Photo credit: mantasmagorical from morguefile.com |
This weekend's weight in will mark 4 months on Weight Watchers for me
and I am trying not to focus too much on the number I will be able to
say I've lost. I'm currently at 32.4 and I'd LOVE to hit 35lbs! But
really its all about the progress I've made and the ways I've changed my
life.
I LOVE food! But until recently I had a crazy love/hate thing going on
with it. You see when you use food to deal with emotions, you use it
all wrong. It really is no different than any other drug. It makes you
feel good for a little while and then, when it's gone you feel guilty,
you hate yourself for the way you look and the way you feel.

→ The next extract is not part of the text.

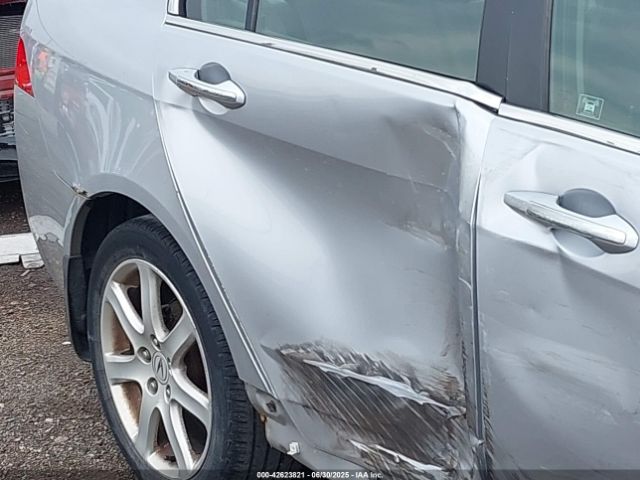 2005 ACURA TSX JH4CL969X5C020467 Photo 5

Don't get me wrong, I still LOVE food. But NOW, now I can eat a little
bit of anything I like because its controlled, its planned and its for
better reasons. I eat fruits and veggies because that's what my body
needs. When I'm truly hungry I have healthy options in my kitchen and
at work so that I can eat because I need it. And when I really WANT
something that isn't so healthy, I can see my points, I can give a
little here, to have a little there. When I know I'm making mac n
cheese for dinner, I take it a little easier at lunch. And then when
dinner comes, I take out a measuring cup, I measure a serving, a real
serving, not a well it fits on my plate so I'm sure its a serving and I
enjoy it. I track my points and I don't have to feel guilty about it.
What I DON'T do anymore is deal with a stressful day by making myself an
entire box of mac n cheese after everyone else is asleep. Now I work
out or I chat with a friend to deal with stress.